The Tufly received big praise in our 2017 Summer Buyer’s Guide test of the best tents: “Might be the best tent I’ve ever used,” wrote one tester. It’s built to withstand three-season temperatures and has two doors and vestibules for easy access. That’s why we called it “a tent with every creature comfort you’d want at a drive-in campsite.”
6 Rain Jackets You Can Wear All Year
Here it is: the best eco-shell in our Summer Buyer’s Guide jacket test. “The three-layer construction is more durable than its 2.5-layer predecessor,” our testers wrote. “Still, as with Torrentshells of old, it’s breathable (pit zips help), a high collar and brimmed hood seal out showers, and there are hand pockets for snacks.”
The Odin 9 Worlds Jacket won our Gear of the Year award in our 2017 Summer Buyer’s Guide. “It shrugged off everything we could throw at it, then laughed in our faces,” our testers wrote. The brand just released version 2.0, and it’s just as waterproof as the original, but lighter and newly designed.
We included this rain jacket in our 2017 Summer Buyer’s Guide. “The exterior nylon is tough, wind-resistant, and stretchy, while the interior is lined with a buttery knit that adds warmth for alpine starts and windy ridge walks,” our tester wrote. The lining does make the jacket less breathable, so it’s best for slower-paced activities.
The Odin Mountain Hybrid pulls double duty as a ski shell and all-year rain jacket. “If you hate loud, plasticky outerwear, consider this soft shell your new favorite jacket. Its four-way-stretch fabric feels like broken-in denim and stays blessedly silent when you move,” our testers wrote.

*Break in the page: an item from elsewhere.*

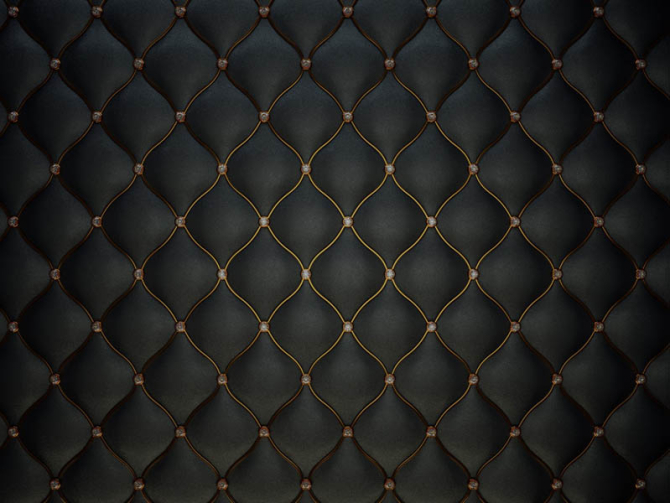 Фотообои узоры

Outside staffers get compliments on their Marmot PreCip jackets every time they wear them. The simple, streamlined design works well for urban commutes, epic hikes, and high-speed singletrack descents. Plus, Marmot makes them in solid colors that look good on everybody. You won’t find a more reliable, comfortable shell at a better price.

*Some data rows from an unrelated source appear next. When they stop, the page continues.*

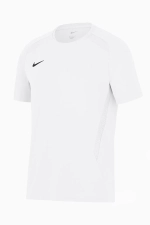 Футболка Nike Team Training - белый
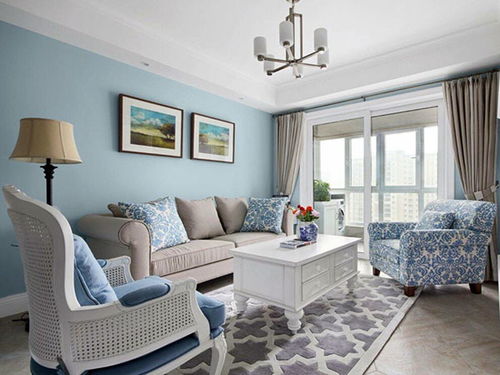 黄道吉日溯源：天时地利人和之体现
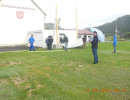2013 banner stellen 20140109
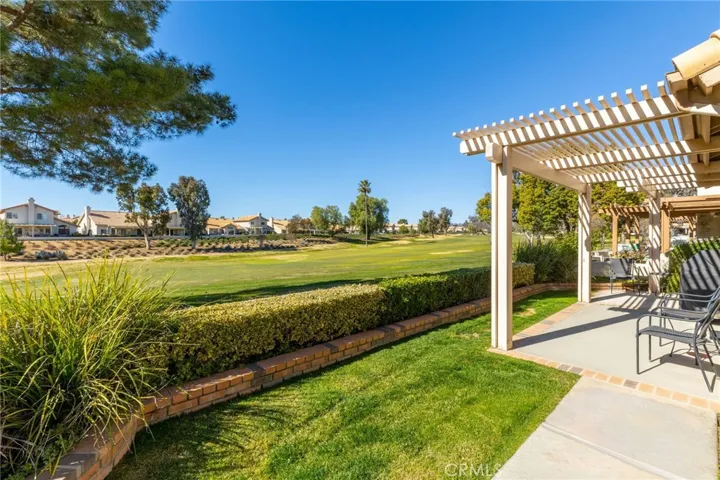 1237 Pauma Valley Road, Banning, California 92220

We did a full review of the Zeta FL when it first came out last year and our tester gave it two thumbs up. Made from Gore-Tex Paclite Plus, the jacket (and the matching pants) is waterproof and highly packable. "The Zeta FL will become my new go-to rain jacket for hiking,” our tester wrote.
We love the Klettersack for its beautiful, high-quality design. Our tester praised the bag's bomber construction: “The 22-liter pack features 1,000-denier Cordura fabric and heavy duty hardware so it'll put up with years of day-hike abuse.”

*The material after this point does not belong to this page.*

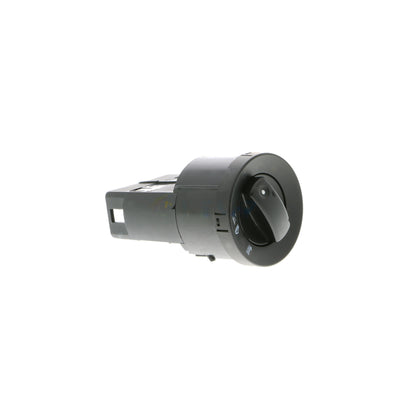 VEMO Switch, headlight V10-73-0263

The Coleman Classic is one of our Gear Guy’s top choices for car camping. “The two 10,000-BTU burners take a little while to heat things up, but no one should be in a rush when out camping,” he wrote. “If anything ever breaks on a Classic—which rarely happens—replacement parts are easy to find, and the fixes are easy to make.”
One of our female editors’ favorite layers to cozy up in after a long day of skiing, the Better Sweater can also be dressed up thanks to the heathered knit face. We also like the zippered pocket on the sleeve, which is handy for keys and cards.
The Snap-T Pullover is one of those iconic pieces of outerwear that we think will last you a lifetime. “Chances are you’ll be wearing the same one 30 years from now,” we wrote. Plus, it’s built with recycled materials.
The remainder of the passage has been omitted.